A somewhat recent example that we can look to for contextual issues can be seen in the attacks that occurred during the 2016 US election, which came to be known by the code name Grizzly Steppe. These attacks, purported to have been carried out by the Russian Intelligence Services (RIS), attempted to influence the course of the election through exfiltration and exposure of sensitive information, undermining of confidence in the election process, and disruption of critical infrastructure, all backed by a variety of phishing attacks, malware, stolen credentials, and a host of other means.
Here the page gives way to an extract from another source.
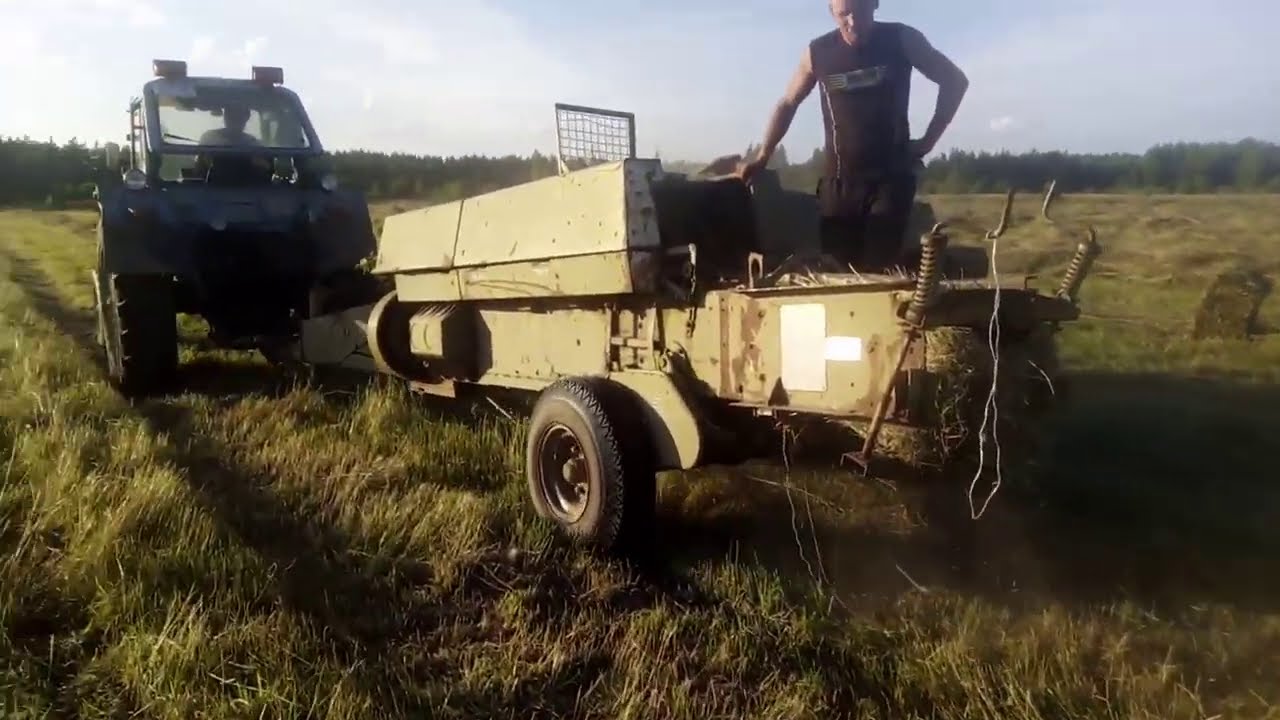 Прессует ли пресс Форшритт к454 на 500 оборотах ВОМ???Сенокос 2020.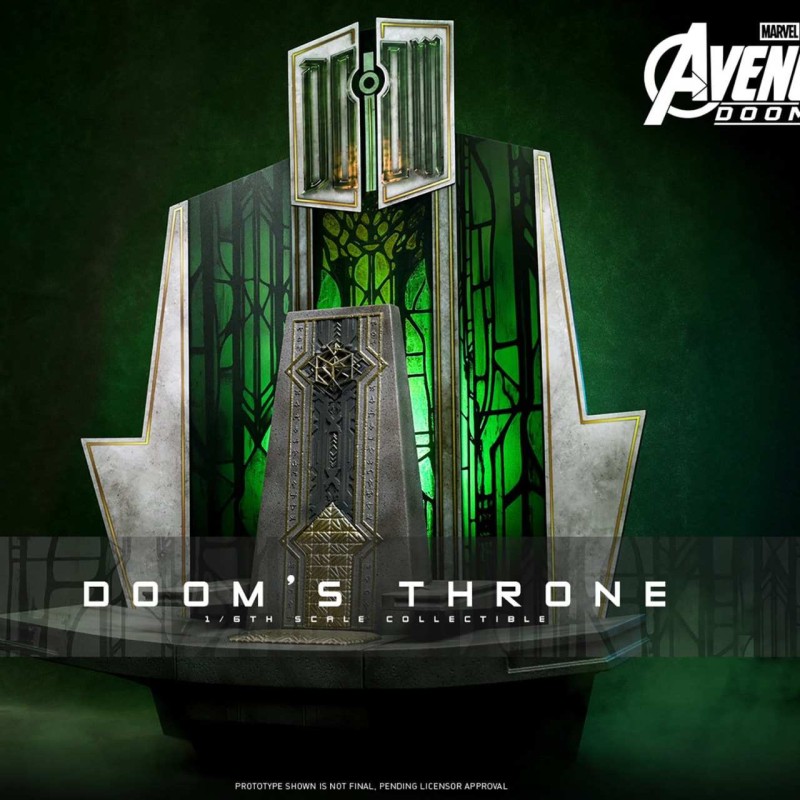 Doom's Thron - Avengers: Doomsday - 1/6 Scale Zubehör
In an effort to combat these attacks, the US Department of Homeland Security (DHS) and the Office of the Director of National Intelligence (DNI), released a Joint Analysis Report (JAR) in December of 2016. Accompanying the report was a file containing IoCs that might be used to detect the presence of the Grizzly Steppe attack groups, Fancy Bear (APT28) and Cozy Bear (APT29), in a given enterprise.

The Data, As Released

The IoC file contained:

  • 1 URL
  • 10 FQDNs
  • 876 IPv4 IP addresses
    • 1 YARA rule
  • 24 file hashes, 7 with accompanying file information

Unfortunately, much of the information was very general, and a large portion of the included IPs pointed to the address space of large cloud companies such as Google, Yahoo, and Twitter. While this is not necessarily incorrect, as the attackers were indeed making use of these services, it is not useful from an investigative standpoint.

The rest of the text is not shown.